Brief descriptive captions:
------------------------------------------------

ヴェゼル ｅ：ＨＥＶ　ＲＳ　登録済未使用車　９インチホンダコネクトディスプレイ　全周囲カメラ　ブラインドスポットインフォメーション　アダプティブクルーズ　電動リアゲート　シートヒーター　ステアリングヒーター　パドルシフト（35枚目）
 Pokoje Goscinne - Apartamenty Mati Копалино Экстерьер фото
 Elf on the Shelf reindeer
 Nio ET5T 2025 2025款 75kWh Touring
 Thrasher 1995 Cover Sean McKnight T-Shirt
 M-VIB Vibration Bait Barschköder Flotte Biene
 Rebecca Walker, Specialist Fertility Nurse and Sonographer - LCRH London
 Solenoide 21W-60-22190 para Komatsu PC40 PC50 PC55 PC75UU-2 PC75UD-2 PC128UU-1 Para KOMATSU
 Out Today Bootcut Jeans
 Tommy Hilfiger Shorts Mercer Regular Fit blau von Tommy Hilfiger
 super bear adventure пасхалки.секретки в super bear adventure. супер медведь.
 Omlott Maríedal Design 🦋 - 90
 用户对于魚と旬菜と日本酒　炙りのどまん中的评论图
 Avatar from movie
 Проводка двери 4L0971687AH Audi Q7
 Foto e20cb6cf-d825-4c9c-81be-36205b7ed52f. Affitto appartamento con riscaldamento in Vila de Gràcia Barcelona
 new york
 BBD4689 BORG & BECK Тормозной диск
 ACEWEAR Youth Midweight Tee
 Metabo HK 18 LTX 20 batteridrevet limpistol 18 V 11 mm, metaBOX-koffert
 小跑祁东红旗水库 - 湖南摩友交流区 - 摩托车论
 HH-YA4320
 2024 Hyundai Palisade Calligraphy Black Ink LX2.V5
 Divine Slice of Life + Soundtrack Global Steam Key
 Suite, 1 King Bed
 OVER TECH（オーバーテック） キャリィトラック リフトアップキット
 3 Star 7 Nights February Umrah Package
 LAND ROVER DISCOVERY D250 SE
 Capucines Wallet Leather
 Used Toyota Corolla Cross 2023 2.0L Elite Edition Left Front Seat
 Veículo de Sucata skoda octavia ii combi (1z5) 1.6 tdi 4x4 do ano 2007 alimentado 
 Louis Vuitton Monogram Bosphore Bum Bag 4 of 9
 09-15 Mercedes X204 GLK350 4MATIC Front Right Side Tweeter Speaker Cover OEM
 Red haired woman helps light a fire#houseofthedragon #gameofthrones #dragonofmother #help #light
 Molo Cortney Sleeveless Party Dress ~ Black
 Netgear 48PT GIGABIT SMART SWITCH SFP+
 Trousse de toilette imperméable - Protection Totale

------------------------------------------------

### Your objective
From the first line of the records above to the line that contains "M-VIB Vibration Bait", quote each line exactly.

### Your response
ヴェゼル ｅ：ＨＥＶ　ＲＳ　登録済未使用車　９インチホンダコネクトディスプレイ　全周囲カメラ　ブラインドスポットインフォメーション　アダプティブクルーズ　電動リアゲート　シートヒーター　ステアリングヒーター　パドルシフト（35枚目）
 Pokoje Goscinne - Apartamenty Mati Копалино Экстерьер фото
 Elf on the Shelf reindeer
 Nio ET5T 2025 2025款 75kWh Touring
 Thrasher 1995 Cover Sean McKnight T-Shirt
 M-VIB Vibration Bait Barschköder Flotte Biene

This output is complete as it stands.